■ Exercise directions ■
From the data below, return the exact lines starting at the line containing "Deborah Double Bathroom" and ending at the line containing "COLANTI HOYDEN - BLEUMARIN - HELIKON", both included, and nothing else.

[Brief descriptive captions]
:::
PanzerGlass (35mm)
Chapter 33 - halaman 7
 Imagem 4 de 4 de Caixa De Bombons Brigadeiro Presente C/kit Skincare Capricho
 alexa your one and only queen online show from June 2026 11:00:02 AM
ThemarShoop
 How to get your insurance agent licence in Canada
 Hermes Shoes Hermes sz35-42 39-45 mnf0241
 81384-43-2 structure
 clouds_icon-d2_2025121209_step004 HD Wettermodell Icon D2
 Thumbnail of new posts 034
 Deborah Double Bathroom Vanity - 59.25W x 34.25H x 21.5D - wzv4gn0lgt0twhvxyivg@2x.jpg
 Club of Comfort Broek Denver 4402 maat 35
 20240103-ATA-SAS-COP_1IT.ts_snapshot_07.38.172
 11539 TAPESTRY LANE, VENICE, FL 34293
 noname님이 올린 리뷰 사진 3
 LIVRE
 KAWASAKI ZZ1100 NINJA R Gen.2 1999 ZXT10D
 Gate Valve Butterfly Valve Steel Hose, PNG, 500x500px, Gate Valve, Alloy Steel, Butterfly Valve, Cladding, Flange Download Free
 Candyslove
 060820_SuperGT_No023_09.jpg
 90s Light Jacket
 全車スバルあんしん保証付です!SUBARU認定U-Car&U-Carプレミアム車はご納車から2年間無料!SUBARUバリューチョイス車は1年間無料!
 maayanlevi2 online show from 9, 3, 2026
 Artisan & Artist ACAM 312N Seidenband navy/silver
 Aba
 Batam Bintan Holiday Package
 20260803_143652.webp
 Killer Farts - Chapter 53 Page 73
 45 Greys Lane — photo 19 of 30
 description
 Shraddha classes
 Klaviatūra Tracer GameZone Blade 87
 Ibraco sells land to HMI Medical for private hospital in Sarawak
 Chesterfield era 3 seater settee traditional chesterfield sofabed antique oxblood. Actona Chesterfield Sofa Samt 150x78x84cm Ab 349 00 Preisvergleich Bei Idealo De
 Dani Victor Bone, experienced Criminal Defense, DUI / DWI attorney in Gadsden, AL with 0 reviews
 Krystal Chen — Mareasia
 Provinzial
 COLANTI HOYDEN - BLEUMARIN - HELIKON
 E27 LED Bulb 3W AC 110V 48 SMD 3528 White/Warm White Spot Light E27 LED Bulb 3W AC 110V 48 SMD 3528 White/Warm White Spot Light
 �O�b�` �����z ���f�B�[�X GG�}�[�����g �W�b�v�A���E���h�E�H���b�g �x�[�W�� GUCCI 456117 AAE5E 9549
:::
■ Response to this task ■
 Deborah Double Bathroom Vanity - 59.25W x 34.25H x 21.5D - wzv4gn0lgt0twhvxyivg@2x.jpg
 Club of Comfort Broek Denver 4402 maat 35
 20240103-ATA-SAS-COP_1IT.ts_snapshot_07.38.172
 11539 TAPESTRY LANE, VENICE, FL 34293
 noname님이 올린 리뷰 사진 3
 LIVRE
 KAWASAKI ZZ1100 NINJA R Gen.2 1999 ZXT10D
 Gate Valve Butterfly Valve Steel Hose, PNG, 500x500px, Gate Valve, Alloy Steel, Butterfly Valve, Cladding, Flange Download Free
 Candyslove
 060820_SuperGT_No023_09.jpg
 90s Light Jacket
 全車スバルあんしん保証付です!SUBARU認定U-Car&U-Carプレミアム車はご納車から2年間無料!SUBARUバリューチョイス車は1年間無料!
 maayanlevi2 online show from 9, 3, 2026
 Artisan & Artist ACAM 312N Seidenband navy/silver
 Aba
 Batam Bintan Holiday Package
 20260803_143652.webp
 Killer Farts - Chapter 53 Page 73
 45 Greys Lane — photo 19 of 30
 description
 Shraddha classes
 Klaviatūra Tracer GameZone Blade 87
 Ibraco sells land to HMI Medical for private hospital in Sarawak
 Chesterfield era 3 seater settee traditional chesterfield sofabed antique oxblood. Actona Chesterfield Sofa Samt 150x78x84cm Ab 349 00 Preisvergleich Bei Idealo De
 Dani Victor Bone, experienced Criminal Defense, DUI / DWI attorney in Gadsden, AL with 0 reviews
 Krystal Chen — Mareasia
 Provinzial
 COLANTI HOYDEN - BLEUMARIN - HELIKON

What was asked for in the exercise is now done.